Recognizing this widespread limitation, a team at SLAC is developing the PetaCache project, a new way of thinking about data access and storage. With new computer software and more efficient types of memory, PetaCache may significantly increase the speed of data analysis.
“PetaCache may help scientists change the way they think about exploring new ideas,” said PetaCache project manager Randal Melen. “It will allow a physicist with a sudden new idea, an ‘I wonder if…’ moment, to quickly begin exploring that new idea.”
Before the early 1990s, researchers analyzed much of their data from magnetic tape, having their computers spool through miles of it to find interesting events. As disk drives got larger and cheaper, and with the rise of computer clusters, much more of the data could be kept on disk. Yet these disks still required mechanical movement, limiting the speed at which researchers could begin accessing data. Computer technology has made great strides in speeding up the movement of data—called bandwidth—but the time to get the first byte of data—called latency—has been much slower to improve. “PetaCache, then, is really about improving the latency of testing new ideas,” said Melen.
To do this, PetaCache uses several types of memory, not disks. Although memory is much faster at getting this first byte of data, in the past it has been too expensive to buy in the quantities necessary to record and analyze the massive amounts of data taken at particle accelerators. Today, DRAM (Dynamic Random Access Memory) and flash memory are more affordable, and flash memory is expected to continue to drop in price as it is used more and more in consumer electronics such as digital cameras, iPod-like devices, and cell phones. If successful, the PetaCache project will allow researchers to use both DRAM and flash memory on a large scale.

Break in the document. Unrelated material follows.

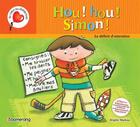 Couverture du livre « Hou ! hou ! Simon ! ; le déficit d'attention » de Brigitte Marleau aux éditions Boomerang Jeunesse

The prototype PetaCache system comprises two racks of 64 server computers, each with 16 gigabytes of DRAM for a total of one terabyte of memory. This large yet fragmented amount of memory is linked together with SCALLA (Structured Cluster Architecture for Low Latency Access), a computer program developed by SCCS Software Developer Andy Hanushevsky. SCALLA moves data from data servers to batch systems running physics analysis software with the lowest possible latencies. This load-balancing, self-organizing software distributes data across many data servers efficiently, making the individual machines appear as one huge chunk of memory to SCALLA-aware physics applications.
“The software makes good use of common hardware, so you don’t have to make huge expenditures for great computing power,” said Hanushevsky.
Right now, SLAC’s prototype system has one terabyte (1,024 gigabytes) of DRAM memory. With their next machine, the PetaCache team hopes to mainly use less expensive flash memory which, according to SCCS Director Richard Mount, “holds future promise of cost-effective memory-based data-analysis systems.”
This second-generation prototype will aim at a few tens of terabytes of flash memory, which would make the system useful to BaBar and LSST researchers. In the next decade, the PetaCache team hopes to expand the system to a petabyte (1,024 terabytes). This is around the scale of what is needed to be useful at the LHC.
“Over the next few years, this type of memory technology will become much more common, from BaBar to the LHC to banks and airline reservation systems,” said Research Director Emeritus David Leith. “They all benefit from being able to work from memory.”